- The paper introduces a neural network framework that reconstructs a detailed 3D facial mesh with 468 vertices from single-camera video.
- It employs a lightweight face detector with subsampling and temporal filtering to achieve impressive inference speeds ranging from 100 to over 1000 frames per second.
- The approach maintains high prediction accuracy comparable to manual annotations, with a mean absolute distance error of 3.96% normalized by interocular distance.
Real-time Facial Surface Geometry from Monocular Video on Mobile GPUs
The paper presents a neural network-based solution for inferring a 3D mesh representation of a human face from single-camera video input, optimized for mobile GPUs. The model demonstrates impressive real-time inference speeds, ranging from 100 to over 1000 frames per second depending on device capabilities, while maintaining prediction quality comparable to manual annotations.
Key Contributions and Methodology
The authors propose an end-to-end framework that addresses the challenges of real-time facial mesh reconstruction on mobile platforms, where computational resources are often constrained. The model focuses on generating a relatively dense mesh consisting of 468 vertices, which are well-suited for face-based augmented reality (AR) applications. This approach diverges from traditional methods that often rely on fewer (around 68) key landmarks.
Image Processing Pipeline
The processing involves a lightweight face detector that identifies and aligns facial regions from the camera input. Subsequently, a neural network predicts the 3D coordinates of mesh vertices. The architecture uses subsampling in initial layers to allow neurons to cover substantial areas early in the process, optimizing resource usage and improving prediction quality.
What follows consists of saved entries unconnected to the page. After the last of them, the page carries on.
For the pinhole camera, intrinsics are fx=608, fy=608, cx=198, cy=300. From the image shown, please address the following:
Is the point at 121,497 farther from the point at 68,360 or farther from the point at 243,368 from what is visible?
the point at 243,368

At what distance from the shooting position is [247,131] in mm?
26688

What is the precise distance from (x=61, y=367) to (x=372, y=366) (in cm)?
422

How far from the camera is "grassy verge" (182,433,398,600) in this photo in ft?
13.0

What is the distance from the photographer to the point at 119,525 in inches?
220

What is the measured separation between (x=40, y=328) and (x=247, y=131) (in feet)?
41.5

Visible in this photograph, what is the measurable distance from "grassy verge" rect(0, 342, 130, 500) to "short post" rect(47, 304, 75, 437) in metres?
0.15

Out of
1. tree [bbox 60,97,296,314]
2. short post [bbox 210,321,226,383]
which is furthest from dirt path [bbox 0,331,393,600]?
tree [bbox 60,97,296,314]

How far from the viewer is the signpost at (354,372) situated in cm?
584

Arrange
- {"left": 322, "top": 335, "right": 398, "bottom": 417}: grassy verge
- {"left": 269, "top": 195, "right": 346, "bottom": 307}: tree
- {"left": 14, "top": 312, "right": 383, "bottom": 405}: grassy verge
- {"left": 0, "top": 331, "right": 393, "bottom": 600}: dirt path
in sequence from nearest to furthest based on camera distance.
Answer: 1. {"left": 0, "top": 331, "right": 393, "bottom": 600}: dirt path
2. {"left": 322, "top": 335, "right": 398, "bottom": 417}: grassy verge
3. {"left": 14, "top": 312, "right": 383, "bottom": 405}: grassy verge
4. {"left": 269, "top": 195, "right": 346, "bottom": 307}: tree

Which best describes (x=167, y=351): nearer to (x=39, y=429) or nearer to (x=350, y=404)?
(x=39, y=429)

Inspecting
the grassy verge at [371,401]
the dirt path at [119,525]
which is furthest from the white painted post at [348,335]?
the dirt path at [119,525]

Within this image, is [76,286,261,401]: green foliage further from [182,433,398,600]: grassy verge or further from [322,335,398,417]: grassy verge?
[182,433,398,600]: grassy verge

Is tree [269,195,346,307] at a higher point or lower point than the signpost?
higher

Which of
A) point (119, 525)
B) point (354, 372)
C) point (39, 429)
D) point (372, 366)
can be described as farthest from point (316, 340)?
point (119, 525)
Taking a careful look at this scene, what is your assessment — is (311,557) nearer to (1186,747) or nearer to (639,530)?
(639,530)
When applied to video feeds, the model benefits from a temporal filter to mitigate jitter in landmark trajectories caused by frame-to-frame inconsistencies, effectively enhancing the visual appeal of the rendered output in AR applications.
Dataset and Training
The training leverages a diverse, globally sourced dataset of around 30,000 photos under varying conditions, augmented to simulate sensor noise and challenging lighting. Ground truth annotations are derived using a novel iterative refinement process where initial predictions are improved through semi-automatic adjustments, optimizing both X and Y coordinates while leaving the Z-axis derived from synthetic supervision.
Performance Evaluation and Results
The model's robustness is evaluated against a varied dataset, with performance metrics indicating a mean absolute distance (MAD) error of 3.96% normalized by interocular distance, for the full model running at high speeds on mobile devices like the iPhone XS and Pixel 3. These results denote an efficient trade-off between computational load and prediction accuracy—essential for practical deployment in interactive applications.
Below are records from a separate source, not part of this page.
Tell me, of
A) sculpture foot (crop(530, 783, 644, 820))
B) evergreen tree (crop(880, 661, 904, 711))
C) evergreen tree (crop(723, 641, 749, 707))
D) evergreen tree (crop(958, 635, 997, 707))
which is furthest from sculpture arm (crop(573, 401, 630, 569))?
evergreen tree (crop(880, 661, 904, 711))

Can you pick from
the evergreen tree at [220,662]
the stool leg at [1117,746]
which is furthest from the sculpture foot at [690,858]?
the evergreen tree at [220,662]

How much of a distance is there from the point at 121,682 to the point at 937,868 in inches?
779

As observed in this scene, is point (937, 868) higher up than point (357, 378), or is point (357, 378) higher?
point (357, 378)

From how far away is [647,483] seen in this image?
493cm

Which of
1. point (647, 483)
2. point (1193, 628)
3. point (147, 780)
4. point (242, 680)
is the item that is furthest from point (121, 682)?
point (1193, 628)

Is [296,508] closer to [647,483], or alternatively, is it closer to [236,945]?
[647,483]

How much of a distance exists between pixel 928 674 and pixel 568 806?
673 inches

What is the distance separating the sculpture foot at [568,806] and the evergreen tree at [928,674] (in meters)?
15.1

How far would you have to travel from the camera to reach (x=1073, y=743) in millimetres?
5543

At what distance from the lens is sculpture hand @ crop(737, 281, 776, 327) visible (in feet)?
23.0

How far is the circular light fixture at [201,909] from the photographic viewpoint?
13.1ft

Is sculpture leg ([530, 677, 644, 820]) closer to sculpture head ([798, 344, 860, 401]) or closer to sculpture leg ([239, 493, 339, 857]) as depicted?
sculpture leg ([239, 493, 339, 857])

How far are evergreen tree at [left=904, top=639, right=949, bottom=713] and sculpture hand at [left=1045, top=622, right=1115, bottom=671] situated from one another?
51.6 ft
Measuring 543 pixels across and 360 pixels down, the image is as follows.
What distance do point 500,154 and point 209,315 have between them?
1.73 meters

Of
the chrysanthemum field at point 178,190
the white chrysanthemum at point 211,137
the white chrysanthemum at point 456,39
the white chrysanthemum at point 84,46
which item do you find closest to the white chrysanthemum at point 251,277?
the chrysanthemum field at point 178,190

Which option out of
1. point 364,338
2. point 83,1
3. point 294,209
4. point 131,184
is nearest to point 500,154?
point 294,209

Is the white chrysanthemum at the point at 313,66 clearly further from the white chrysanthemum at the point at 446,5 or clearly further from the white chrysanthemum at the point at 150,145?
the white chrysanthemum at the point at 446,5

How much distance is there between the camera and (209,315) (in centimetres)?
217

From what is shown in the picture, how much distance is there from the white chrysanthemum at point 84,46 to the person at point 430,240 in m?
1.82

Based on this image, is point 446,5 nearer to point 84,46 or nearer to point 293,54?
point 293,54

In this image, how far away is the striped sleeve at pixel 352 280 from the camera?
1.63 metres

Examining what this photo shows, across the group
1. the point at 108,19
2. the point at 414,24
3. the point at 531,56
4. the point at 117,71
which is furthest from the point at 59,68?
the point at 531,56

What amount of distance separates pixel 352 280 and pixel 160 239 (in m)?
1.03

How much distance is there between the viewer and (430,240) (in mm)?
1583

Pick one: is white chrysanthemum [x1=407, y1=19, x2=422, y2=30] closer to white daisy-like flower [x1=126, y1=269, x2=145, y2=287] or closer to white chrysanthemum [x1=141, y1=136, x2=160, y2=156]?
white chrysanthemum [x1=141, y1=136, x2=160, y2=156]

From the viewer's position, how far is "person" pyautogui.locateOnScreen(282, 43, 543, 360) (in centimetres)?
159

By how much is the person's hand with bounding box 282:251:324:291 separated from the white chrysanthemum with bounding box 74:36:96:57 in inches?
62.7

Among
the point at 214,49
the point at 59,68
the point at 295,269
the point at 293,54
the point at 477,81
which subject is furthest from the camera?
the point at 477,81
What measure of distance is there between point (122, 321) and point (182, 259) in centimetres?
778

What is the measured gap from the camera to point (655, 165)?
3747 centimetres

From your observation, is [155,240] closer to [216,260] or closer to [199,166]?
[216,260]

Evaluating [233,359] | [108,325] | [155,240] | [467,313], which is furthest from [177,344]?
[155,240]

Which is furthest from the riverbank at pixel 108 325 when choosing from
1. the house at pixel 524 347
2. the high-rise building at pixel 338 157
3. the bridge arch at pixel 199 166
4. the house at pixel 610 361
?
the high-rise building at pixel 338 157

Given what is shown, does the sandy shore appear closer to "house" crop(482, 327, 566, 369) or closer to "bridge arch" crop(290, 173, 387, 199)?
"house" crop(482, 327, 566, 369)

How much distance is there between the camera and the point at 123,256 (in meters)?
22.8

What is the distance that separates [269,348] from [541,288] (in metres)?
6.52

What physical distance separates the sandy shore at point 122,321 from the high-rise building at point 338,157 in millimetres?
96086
Implications and Future Work
The implications of this research are significant for AR applications on mobile platforms, where real-time performance and accuracy are critical. The demonstrated approach enables developers to implement detailed facial interactions and augmentations without the need for specialized hardware beyond standard mobile cameras.
Future developments could explore enhancing the model's generalization to diverse facial geometries and expressions, potentially integrating additional modalities like depth sensors for even finer precision. Furthermore, refining the temporal stability of predictions could increase applicability in more dynamic environments.
Overall, the paper contributes an effective and efficient solution for facial geometry reconstruction on mobile devices, providing a foundation for richer AR experiences.